» TASK INSTRUCTIONS
Going from the line that contains "Carbonstalen wok, 30" to the last line of the material below, repeat every line exactly.

» STUDY MATERIAL
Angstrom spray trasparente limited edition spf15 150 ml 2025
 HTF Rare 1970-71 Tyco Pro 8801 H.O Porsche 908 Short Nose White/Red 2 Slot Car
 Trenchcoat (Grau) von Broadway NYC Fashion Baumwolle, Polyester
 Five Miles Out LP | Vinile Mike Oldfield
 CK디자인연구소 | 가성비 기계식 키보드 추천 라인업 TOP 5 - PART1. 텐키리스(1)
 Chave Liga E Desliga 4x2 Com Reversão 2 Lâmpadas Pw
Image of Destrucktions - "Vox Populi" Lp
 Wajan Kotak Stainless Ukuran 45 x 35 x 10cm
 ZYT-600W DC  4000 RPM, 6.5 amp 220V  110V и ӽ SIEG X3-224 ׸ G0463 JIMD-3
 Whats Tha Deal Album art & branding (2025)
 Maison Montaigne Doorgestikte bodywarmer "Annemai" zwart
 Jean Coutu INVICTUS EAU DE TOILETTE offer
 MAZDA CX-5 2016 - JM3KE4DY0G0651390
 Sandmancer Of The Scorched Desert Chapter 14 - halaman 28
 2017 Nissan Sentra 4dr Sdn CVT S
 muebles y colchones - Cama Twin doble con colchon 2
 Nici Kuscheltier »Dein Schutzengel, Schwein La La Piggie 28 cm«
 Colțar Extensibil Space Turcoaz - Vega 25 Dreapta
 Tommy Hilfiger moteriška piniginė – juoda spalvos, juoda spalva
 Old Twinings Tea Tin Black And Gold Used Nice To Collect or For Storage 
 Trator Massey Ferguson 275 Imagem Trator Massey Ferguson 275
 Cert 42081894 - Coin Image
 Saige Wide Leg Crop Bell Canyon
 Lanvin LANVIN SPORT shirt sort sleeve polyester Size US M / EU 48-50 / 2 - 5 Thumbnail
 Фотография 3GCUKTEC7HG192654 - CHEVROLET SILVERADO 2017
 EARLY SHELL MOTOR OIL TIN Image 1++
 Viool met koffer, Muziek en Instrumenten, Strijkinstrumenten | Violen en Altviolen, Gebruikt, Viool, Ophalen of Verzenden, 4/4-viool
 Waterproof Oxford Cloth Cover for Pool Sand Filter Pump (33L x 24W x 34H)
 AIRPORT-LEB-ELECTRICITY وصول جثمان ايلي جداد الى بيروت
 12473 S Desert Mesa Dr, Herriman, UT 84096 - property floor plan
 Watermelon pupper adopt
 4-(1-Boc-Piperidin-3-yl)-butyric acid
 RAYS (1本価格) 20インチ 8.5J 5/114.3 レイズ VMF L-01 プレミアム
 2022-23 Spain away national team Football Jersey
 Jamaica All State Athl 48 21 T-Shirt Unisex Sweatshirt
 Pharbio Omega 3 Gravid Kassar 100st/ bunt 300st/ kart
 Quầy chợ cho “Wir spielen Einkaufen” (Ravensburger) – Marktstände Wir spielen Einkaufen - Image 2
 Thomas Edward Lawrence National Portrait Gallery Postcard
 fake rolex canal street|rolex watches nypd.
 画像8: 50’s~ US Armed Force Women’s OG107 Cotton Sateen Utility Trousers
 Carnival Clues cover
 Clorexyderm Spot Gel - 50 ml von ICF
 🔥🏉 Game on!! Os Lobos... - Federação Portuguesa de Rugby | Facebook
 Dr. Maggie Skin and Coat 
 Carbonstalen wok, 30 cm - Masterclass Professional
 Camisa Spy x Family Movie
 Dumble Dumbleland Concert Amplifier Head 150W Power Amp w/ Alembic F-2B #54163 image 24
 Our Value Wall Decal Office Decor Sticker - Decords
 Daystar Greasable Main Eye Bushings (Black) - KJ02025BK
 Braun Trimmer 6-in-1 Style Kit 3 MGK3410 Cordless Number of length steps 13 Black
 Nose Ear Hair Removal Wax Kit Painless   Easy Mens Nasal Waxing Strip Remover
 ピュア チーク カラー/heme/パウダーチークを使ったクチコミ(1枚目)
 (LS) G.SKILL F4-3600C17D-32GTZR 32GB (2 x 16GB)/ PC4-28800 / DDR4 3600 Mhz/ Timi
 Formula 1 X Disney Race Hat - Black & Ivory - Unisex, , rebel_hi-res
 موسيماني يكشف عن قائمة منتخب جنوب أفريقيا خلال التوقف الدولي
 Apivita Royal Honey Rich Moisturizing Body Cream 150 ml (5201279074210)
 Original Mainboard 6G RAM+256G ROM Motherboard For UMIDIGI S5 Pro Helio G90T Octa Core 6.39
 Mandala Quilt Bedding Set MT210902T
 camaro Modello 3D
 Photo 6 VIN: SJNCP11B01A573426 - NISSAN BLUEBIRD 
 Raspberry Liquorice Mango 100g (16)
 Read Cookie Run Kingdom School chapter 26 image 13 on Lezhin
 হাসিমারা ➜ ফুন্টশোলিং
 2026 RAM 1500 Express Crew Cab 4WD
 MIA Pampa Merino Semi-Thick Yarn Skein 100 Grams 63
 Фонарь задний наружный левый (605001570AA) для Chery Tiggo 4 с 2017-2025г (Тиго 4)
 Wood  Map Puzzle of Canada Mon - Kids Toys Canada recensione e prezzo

» YOUR SOLUTION
 Carbonstalen wok, 30 cm - Masterclass Professional
 Camisa Spy x Family Movie
 Dumble Dumbleland Concert Amplifier Head 150W Power Amp w/ Alembic F-2B #54163 image 24
 Our Value Wall Decal Office Decor Sticker - Decords
 Daystar Greasable Main Eye Bushings (Black) - KJ02025BK
 Braun Trimmer 6-in-1 Style Kit 3 MGK3410 Cordless Number of length steps 13 Black
 Nose Ear Hair Removal Wax Kit Painless   Easy Mens Nasal Waxing Strip Remover
 ピュア チーク カラー/heme/パウダーチークを使ったクチコミ(1枚目)
 (LS) G.SKILL F4-3600C17D-32GTZR 32GB (2 x 16GB)/ PC4-28800 / DDR4 3600 Mhz/ Timi
 Formula 1 X Disney Race Hat - Black & Ivory - Unisex, , rebel_hi-res
 موسيماني يكشف عن قائمة منتخب جنوب أفريقيا خلال التوقف الدولي
 Apivita Royal Honey Rich Moisturizing Body Cream 150 ml (5201279074210)
 Original Mainboard 6G RAM+256G ROM Motherboard For UMIDIGI S5 Pro Helio G90T Octa Core 6.39
 Mandala Quilt Bedding Set MT210902T
 camaro Modello 3D
 Photo 6 VIN: SJNCP11B01A573426 - NISSAN BLUEBIRD 
 Raspberry Liquorice Mango 100g (16)
 Read Cookie Run Kingdom School chapter 26 image 13 on Lezhin
 হাসিমারা ➜ ফুন্টশোলিং
 2026 RAM 1500 Express Crew Cab 4WD
 MIA Pampa Merino Semi-Thick Yarn Skein 100 Grams 63
 Фонарь задний наружный левый (605001570AA) для Chery Tiggo 4 с 2017-2025г (Тиго 4)
 Wood  Map Puzzle of Canada Mon - Kids Toys Canada recensione e prezzo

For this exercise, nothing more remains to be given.